YOUR GOAL:
Copy every line from the records that holds the word "Black".

(Beginning of RECORDS PROVIDED)

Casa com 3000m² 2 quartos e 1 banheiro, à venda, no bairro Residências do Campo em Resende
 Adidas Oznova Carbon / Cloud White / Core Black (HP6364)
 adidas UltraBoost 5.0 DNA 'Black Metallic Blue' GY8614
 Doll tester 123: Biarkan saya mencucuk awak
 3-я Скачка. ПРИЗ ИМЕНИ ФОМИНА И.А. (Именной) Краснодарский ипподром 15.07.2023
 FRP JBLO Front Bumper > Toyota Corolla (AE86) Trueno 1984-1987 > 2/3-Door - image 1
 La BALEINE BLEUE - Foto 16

(End of RECORDS PROVIDED)
(Beginning of RECORDS PROVIDED)

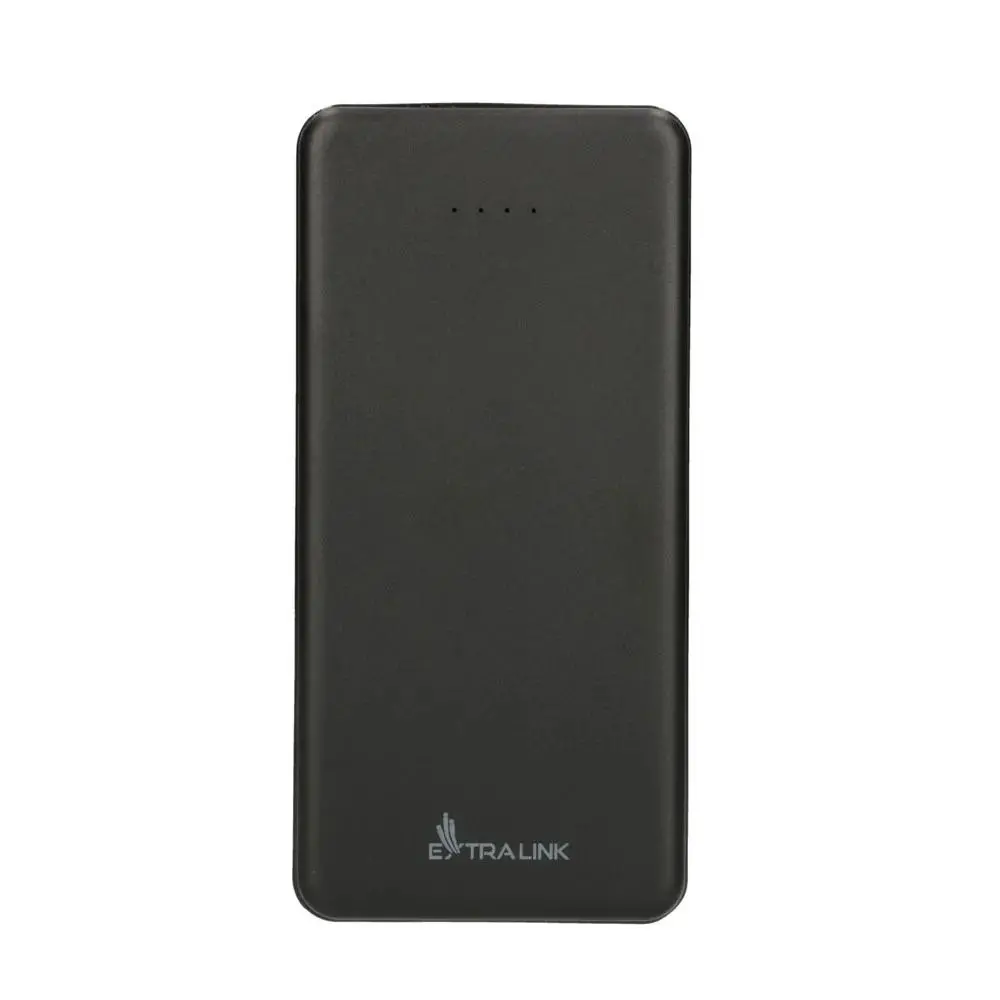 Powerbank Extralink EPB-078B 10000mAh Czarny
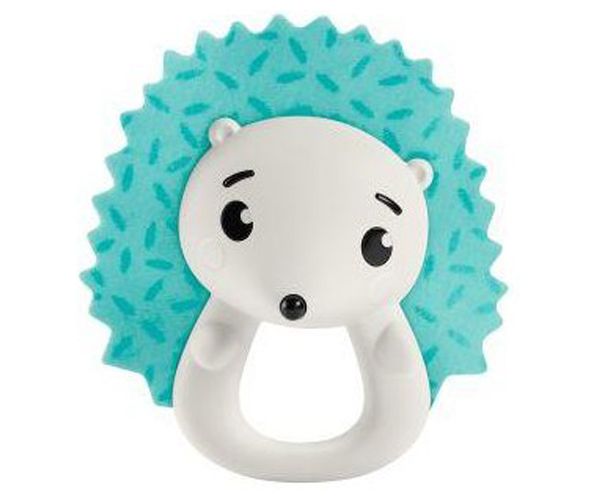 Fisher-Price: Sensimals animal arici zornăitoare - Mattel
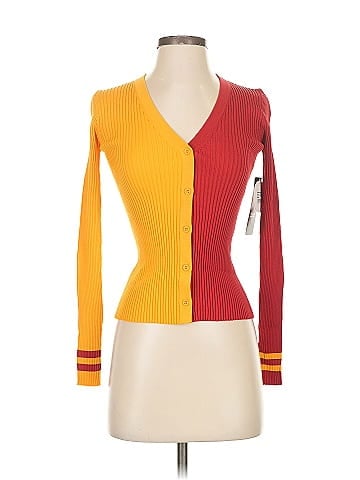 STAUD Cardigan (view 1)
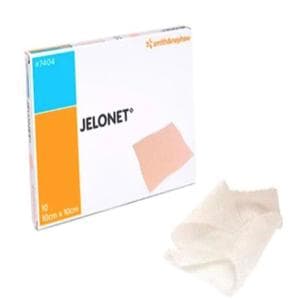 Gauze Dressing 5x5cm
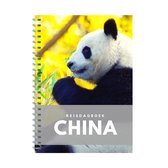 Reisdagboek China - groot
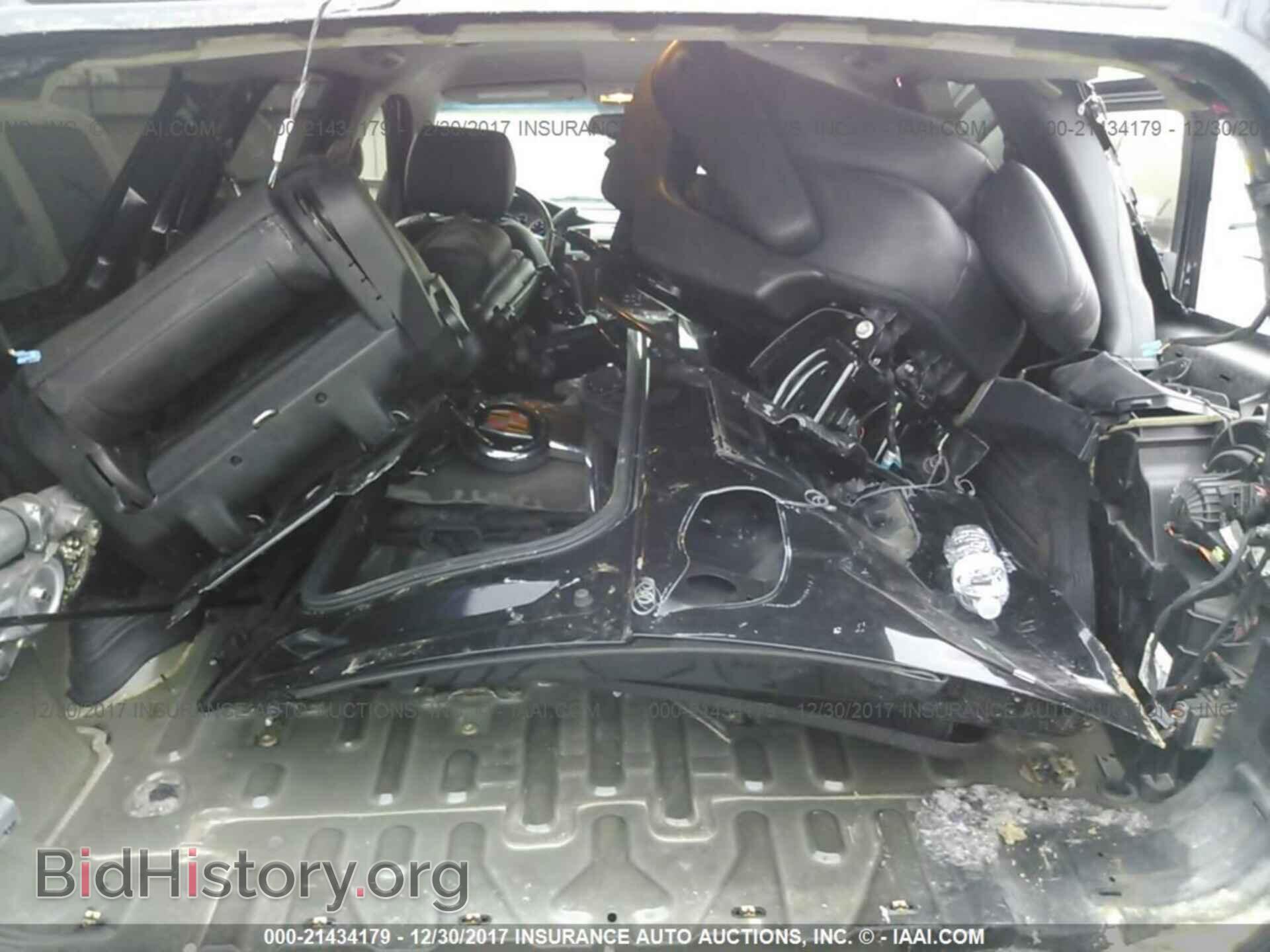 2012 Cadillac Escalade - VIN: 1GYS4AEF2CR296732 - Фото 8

(End of RECORDS PROVIDED)
(Beginning of RECORDS PROVIDED)

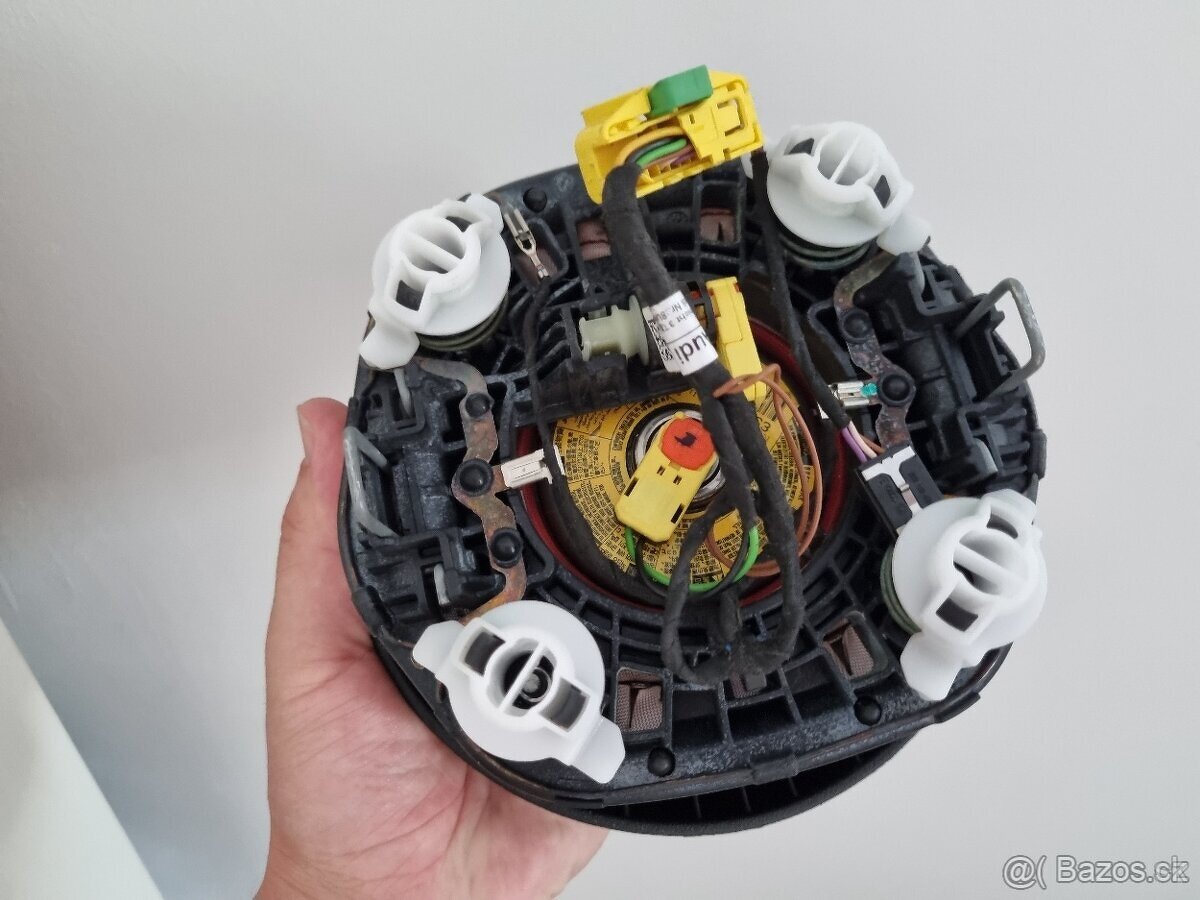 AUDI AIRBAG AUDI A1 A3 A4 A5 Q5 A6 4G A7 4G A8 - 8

(End of RECORDS PROVIDED)

RESPONSE TO THE TASK:
 Adidas Oznova Carbon / Cloud White / Core Black (HP6364)
 adidas UltraBoost 5.0 DNA 'Black Metallic Blue' GY8614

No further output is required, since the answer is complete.